General Negotiation July 25, 2012

Separate the Message from the Messenger

People, in the midst of a disagreement, tend to blend the person opposing them with the positions this person is taking. Separating the message from the messenger is essential if we wish to reach a long-lasting agreement...

People, in the midst of a disagreement, tend to blend the person opposing them with the positions this person is taking. Separating the message from the messenger is essential if we wish to reach a long-lasting agreement. But it takes practice to do so.

For most of us, separating the messenger from the messages does not come naturally. Practicing often will help. You’ll have more opportunities to do this than you think. Every disagreement or difference experienced at home or at work, or even when watching television can provide a good opportunity to do so.

A talk show like, “The View” or “Meet the Press” will allow you to measure how well you handle viewpoints with which you strongly disagree. Instead of clicking off or fast-forwarding the viewpoint you so dislike, force yourself to listen intently through their arguments and reasoning. This can be difficult, but it is a valuable process.

Your tendency, like mine, will be to disparage the ideas you don’t agree with. You may find yourself making negative remarks to others in the room or surfing for a new channel. You may even find yourself calling the person speaking an idiot or worse- and seeking revenge by moving to a good basketball game.

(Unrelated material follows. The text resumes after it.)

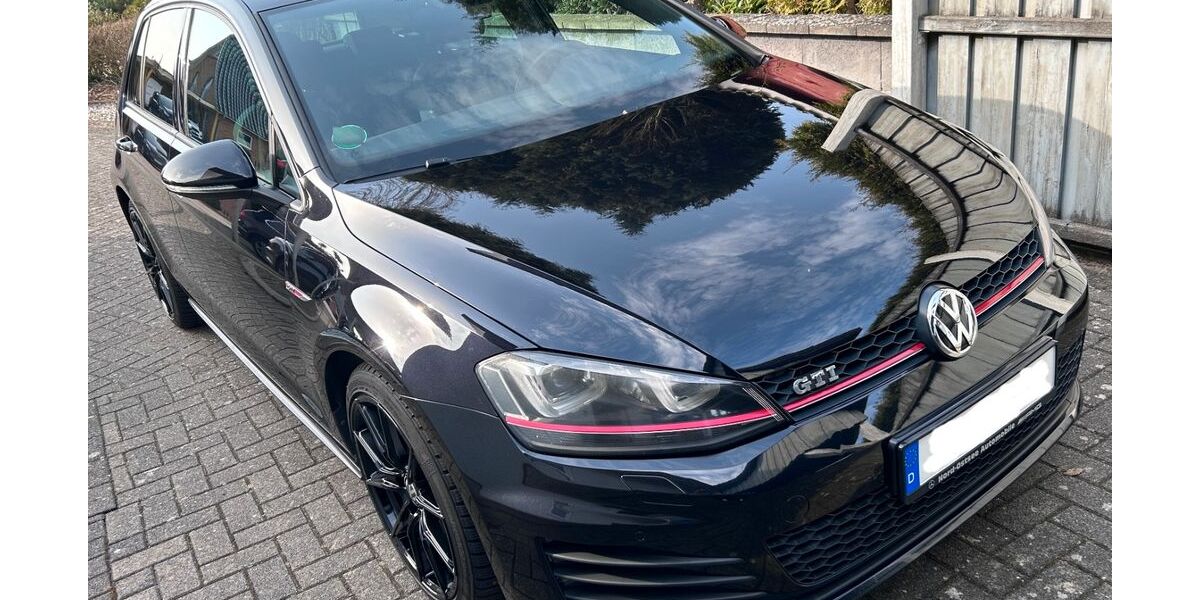 VW Golf 142.699 km 14.999 &euro; Brunsbüttel 25541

Once the tendency to dismiss or disparage opposing views is recognized, you’ll be in a better position to change this habit. The reality is that opposing negotiators will rarely advance arguments you like or find easy to listen to. Learn to listen intently to television pundits expressing opposing ideas.

It will help you become more open-minded in dealing with others. If you hear them out without building personal barriers, they will give you clues that lead to creative collaboration and reasonable compromise.

Another good place to practice is at the dinner table at home. Try it when dealing with your spouse, loved one, children or in-laws. If you can separate the person from their position in contentious home disputes, you will be better able to do it anywhere.